“The songs can sound like whatever the writer wants it to sound like,” says Dave Wilson of Chatham County Line citing Bob Dylan as an example of an artist who regularly makes wildly eclectic changes to his own compositions.
For most of its career Chatham County Line performed original material in the classic bluegrass mold clustered around a single mic featuring Chandler Holt on banjo. Holt retired in 2019. Now lead guitarist and songwriter Dave Wilson often straps on a Stratocaster and tours with a drummer along with John Teer (mandolin, fiddle, guitars, vocals) and Greg Readling (bass, pedal steel, piano, clavinet, organ, vocal).
Together 25 years with 10 albums to their credit, they sound more like a cross between the Grateful Dead and a mellow version of the Rolling Stones than they do John Harford, one of Dave’s earliest influences as a songwriter. To say their latest album, Hiyo, has crossover appeal is an understatement.
“We’ve been playing the (whole new) record on our shows, and it’s been super fun,” says Dave. “This and Strange Fascination, the last album (2020), are really the first ones for percussion as an integral part of the sound. We definitely put a lot of those out there, but in the years right after Chandler retired, we had so much fun going back in the catalog and kind of electrifying older tunes because it’s a lot of tunes in the catalog at this point. So, we’ll do a bunch of those.
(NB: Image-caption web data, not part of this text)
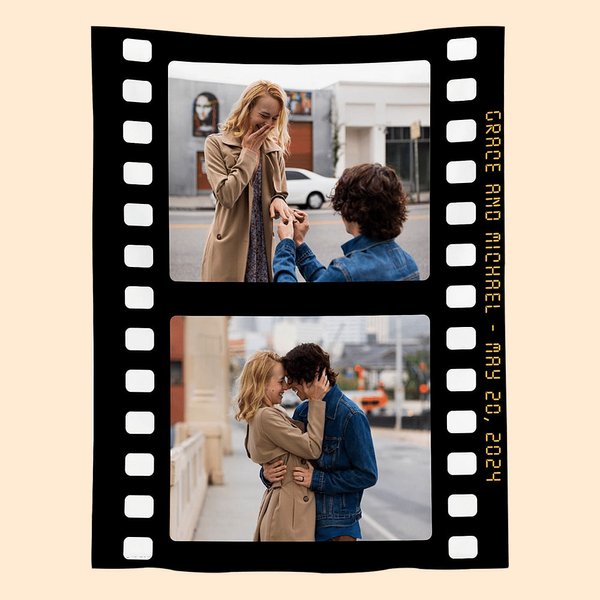 Personalisierte Vintage Film Style Foto Collage weiche kuschelige Decke mit Text Geburtstag Jahrestag Erinnerung Geschenk für Familie Paar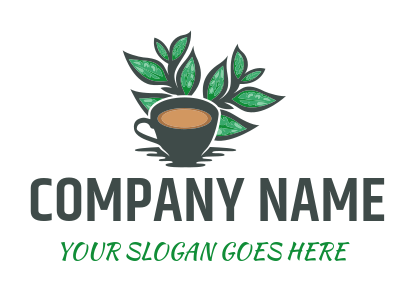 restaurant logo Illustrated leaves and tea cup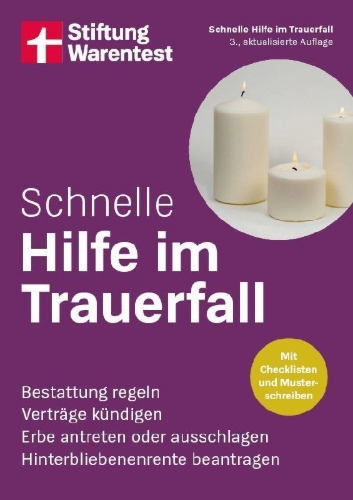 Buchcover und Innenansicht für das Buch: Schnelle Hilfe im Trauerfall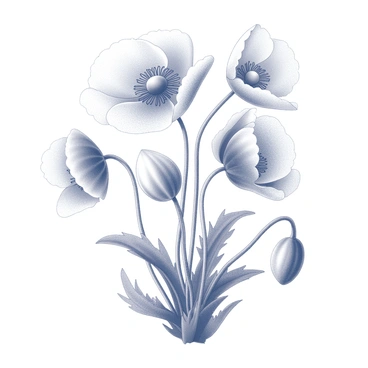 A cluster of poppy flowers with delicate petals and intricate details. The flowers are varying in size and shape, some fully bloomed while others are in the budding stage. The stems are slender and green, with a few leaves peeking out from the base. The arrangement creates a natural flow, with some flowers leaning slightly to one side. The background features a textured surface that adds depth to the composition. The overall scene conveys a sense of tranquility and beauty in nature.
I mean it’s 20-some songs in the set, and half of them I would say are interesting takes on older ones.
“We started the band being in love with John Hartford and the bluegrass idiom like the Del McCoury Band, and we played around the single mic for 18-20 years. We just love that style of performing, but you know at the same time we were fostered on rock and roll. I didn’t discover bluegrass until getting high in college and listening to The Grateful Dead and (getting off) on Old and In The Way and that sort of Jerry connection. That’s what took me to bluegrass in the first place. So, there’s always been rock and roll in my bloodstream.”
As for The Rolling Stones? “I love those guys. Keith Richards plays so phenomenally. It’s so amazing. We did some shows with Judy Collins, and she told me a joke about her friend who went to the doctor. Her friend is a smoker, and the doctor says, ‘You know, every time you smoke a cigarette God takes 10 minutes of your life and gives it to Keith Richards.’”
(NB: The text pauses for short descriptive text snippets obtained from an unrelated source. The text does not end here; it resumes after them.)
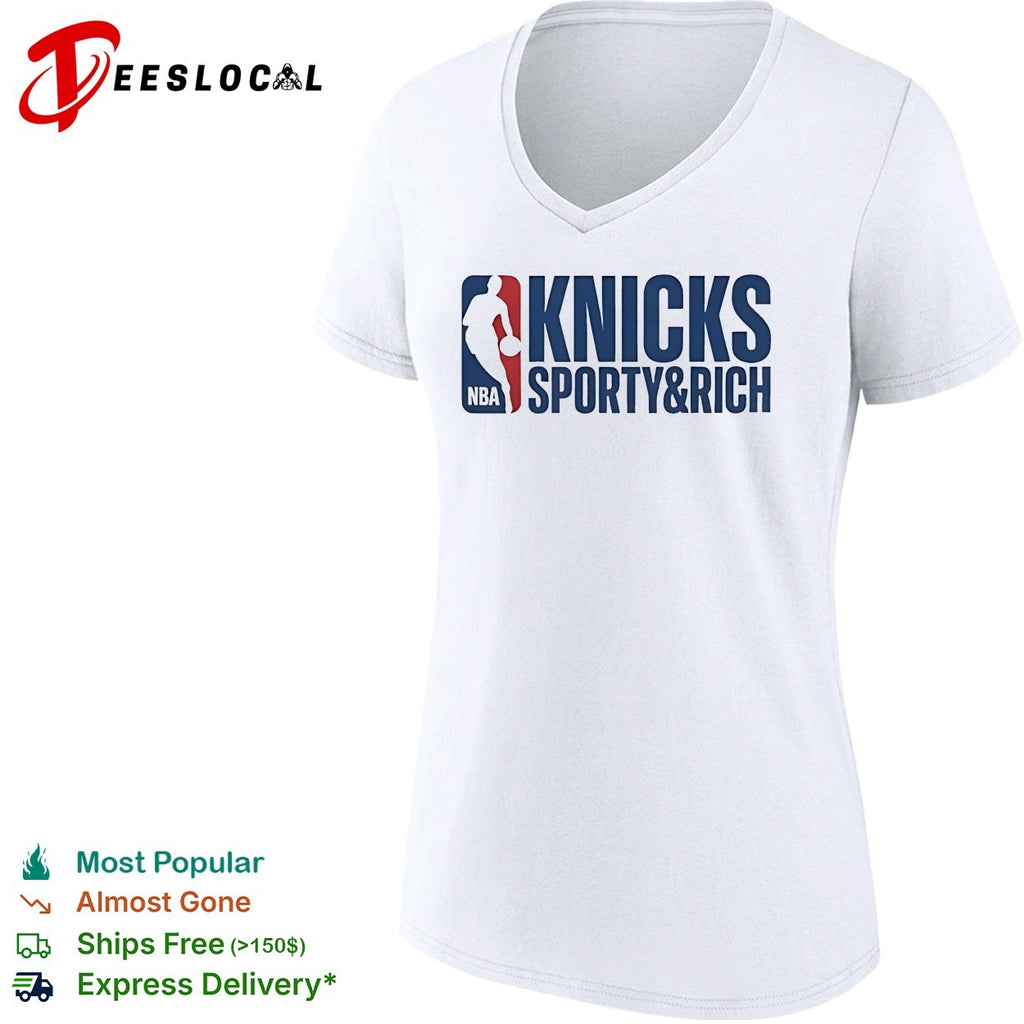 New York Knicks Sporty and Rich bold emblem horizontal logo art shirt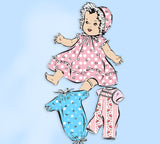Mail Order 8258: 1950s Uncut 20inch Baby Doll Clothes Set Vintage Sewing Pattern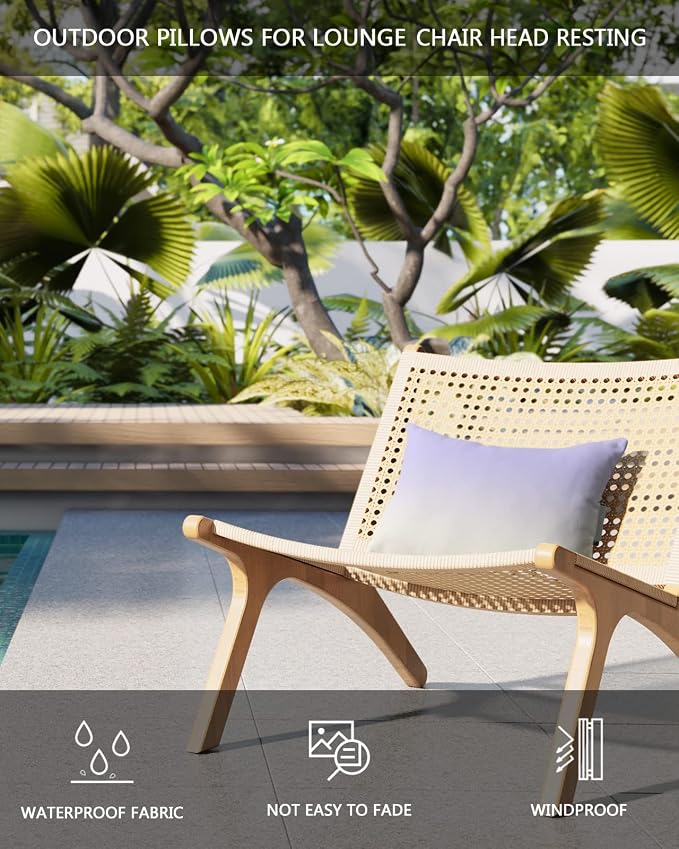 Outdoor Pillows Covers with Inserts Romantic Purple White Gradient Waterproof Recliner Pillow with Adjustable Strap Throw Pillows for Patio Furniture Pool Lounge Chair, 12x20 inch, 2PCS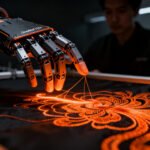 Mano robótica OmniHand 3 Ultra de AGILINK bordando seda, simbolizando la precisión de la robótica humanoide avanzada y el éxito de la startup unicornio.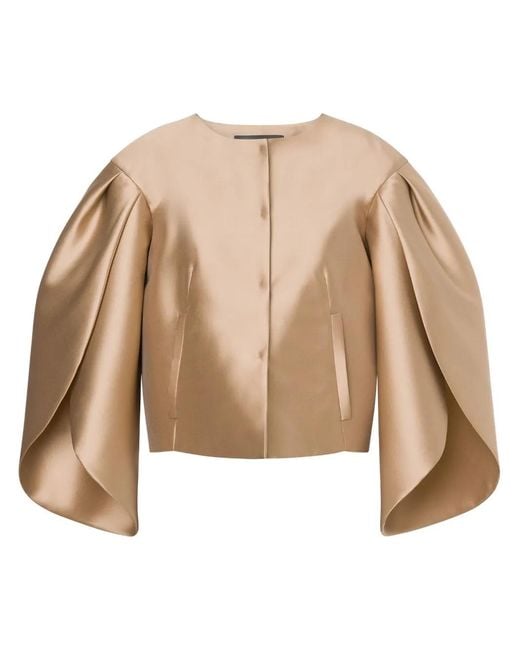 Alberta Ferretti Natural Petal-Sleeve Mikado Jacket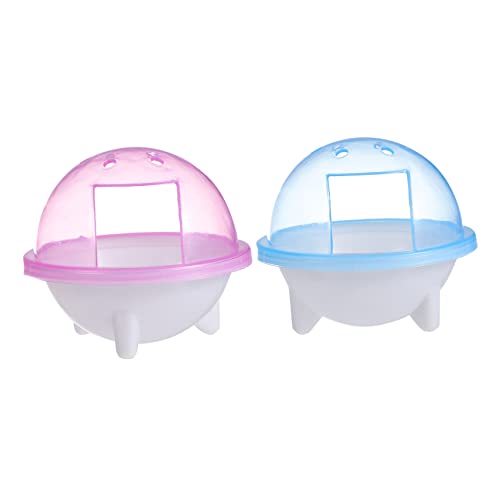 Milisten 2stücke Hamsterbadezimmer Aus Kunststoff Hamsterbadewanne Mit Deckel Kleintier-Toilette Für Hamsterkäfig Badesand-Box Für Hamster Und Andere Kleintiere von Milisten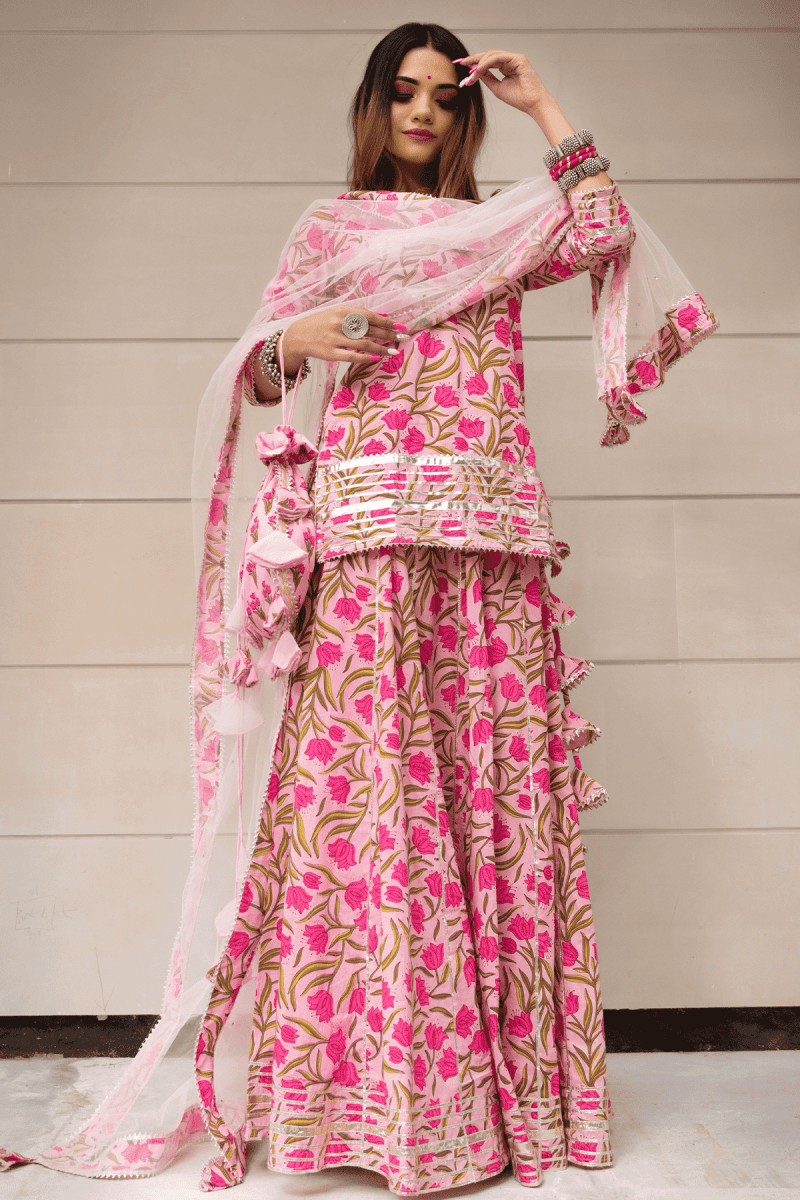 TULSI PINK COTTON HAND BLOCK SKIRT SET WITH SOFT NET DUPATTA - Pomcha Jaipur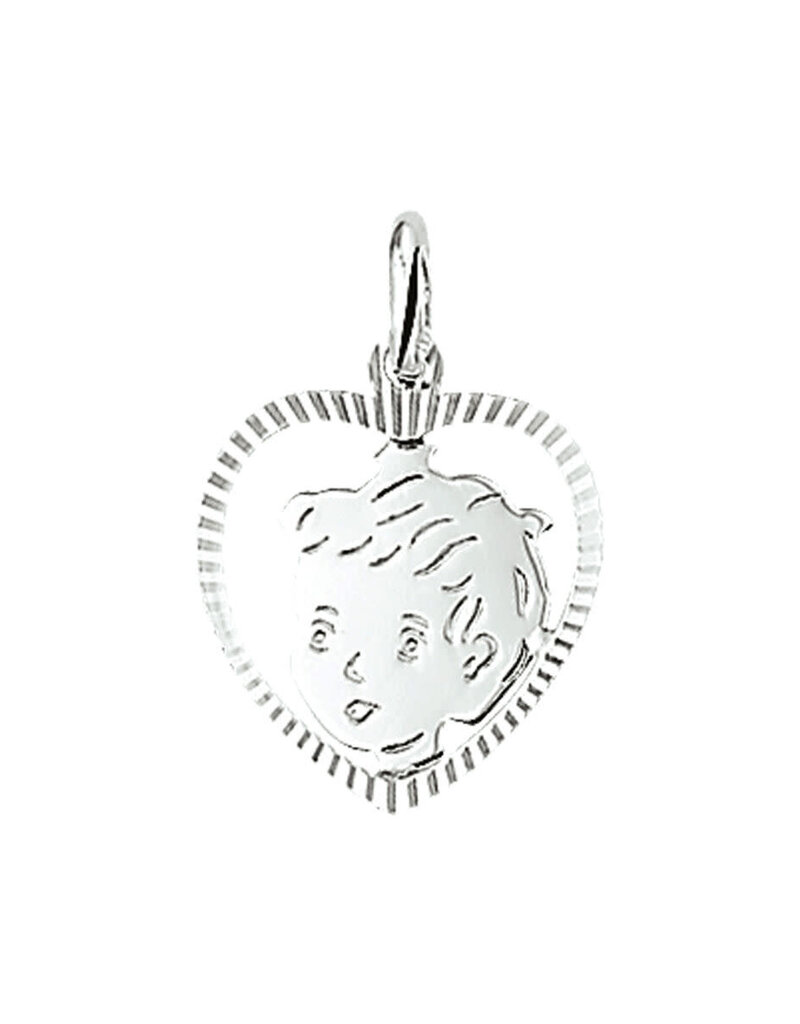 Zilveren kinderkopje - Jongen in rand - Hartje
Chatham County Line performed as the backup band on the TV series George & Tammy about George Jones and Tammy Wynette. It was where Chatham County Line met Rachel Moore who ended up producing their new Hiyo record. “She was on the pulse of a lot of things. She knows how to make a set of drums sound like we have had a set of drums down. It was Rachel, this record.
“We never spoke a line (in the George & Tammy show). We were just window dressing. I played Pig Robbins, the famous studio piano player and Teer was Harold Bradley who is the most recorded guitar player in history, but we were just in the background mouthing the tunes while they did their lines. T Bone Burnett was involved in this.”
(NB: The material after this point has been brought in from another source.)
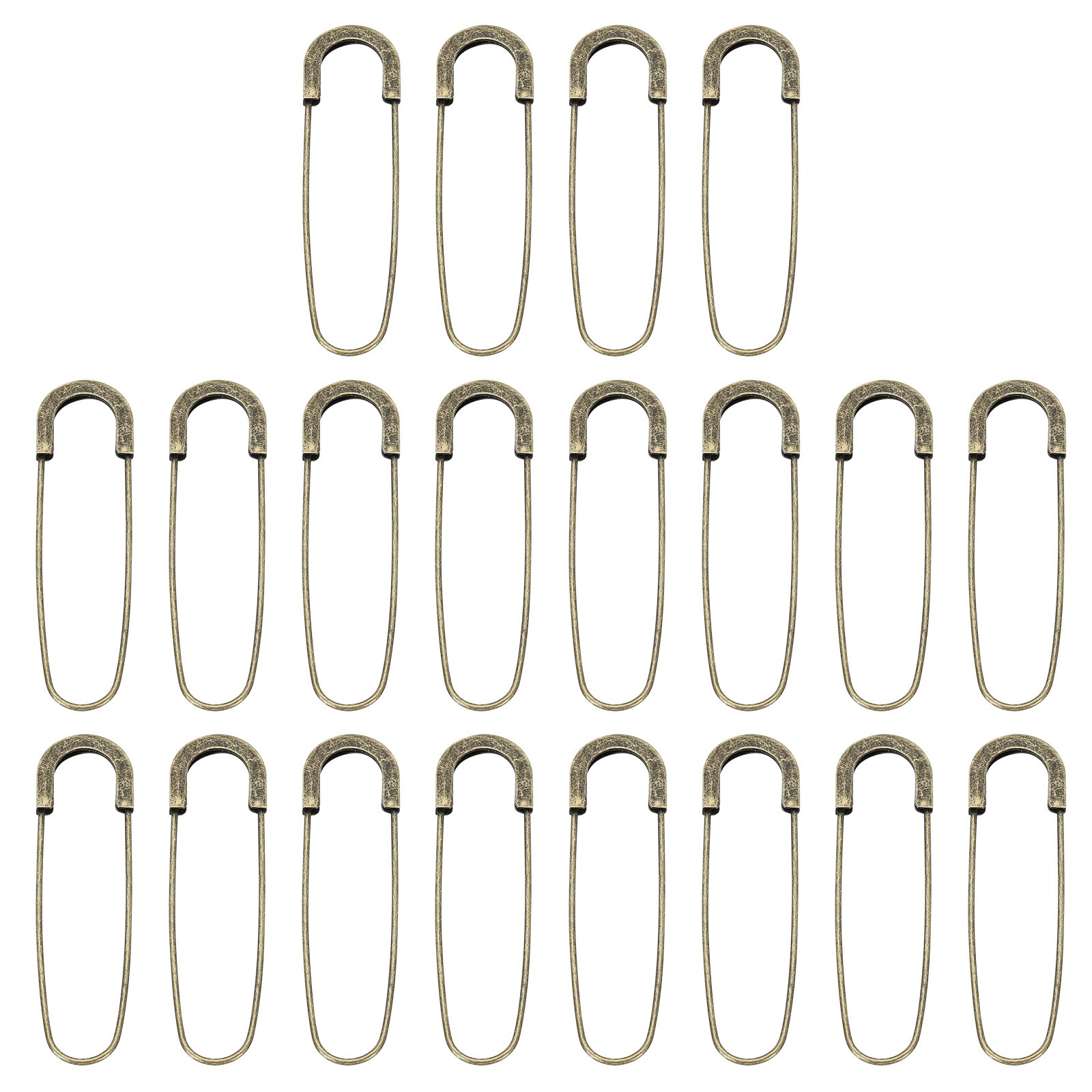 20pcs Large Safety Pins 80mm 3.15 Inch Metal Safety Pins Clips Bronze Tone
Dave finds his band’s evolution into a new direction liberating. “Yeah, it was super liberating. One of the things is we’ve been exposed to a lot of artists just in our history. We’ve done several records with this Norwegian artist Jonas Fjeld, and he had a crazy rock and roll band back in Norway, and they had lost their record deal. So, they went in the studio and kind of had fun and did whatever they wanted to. I mean, they’ve got a song called ‘Abba’s Greatest Hits’ that shifted down to someone snoring.
“We’re no stranger to the rock and roll thing. Our biggest emphasis was our banjo player who retired about 2019. The reason that’s such a strong bluegrass instrument is that it really freed the band up to do whatever we wanted. I mean, when Earl Scruggs did that with the three-finger and the finger pick, it was like Elvis singing for the first time. It was like it changed the world and what that music could be. Yeah, it’s like a building block.”
“(Playing in front of one microphone) was really where we cut our teeth. It was our Cavern Club. It was the thing that drew us together and helped us work on our craft in a way that wasn’t beating people over the head.”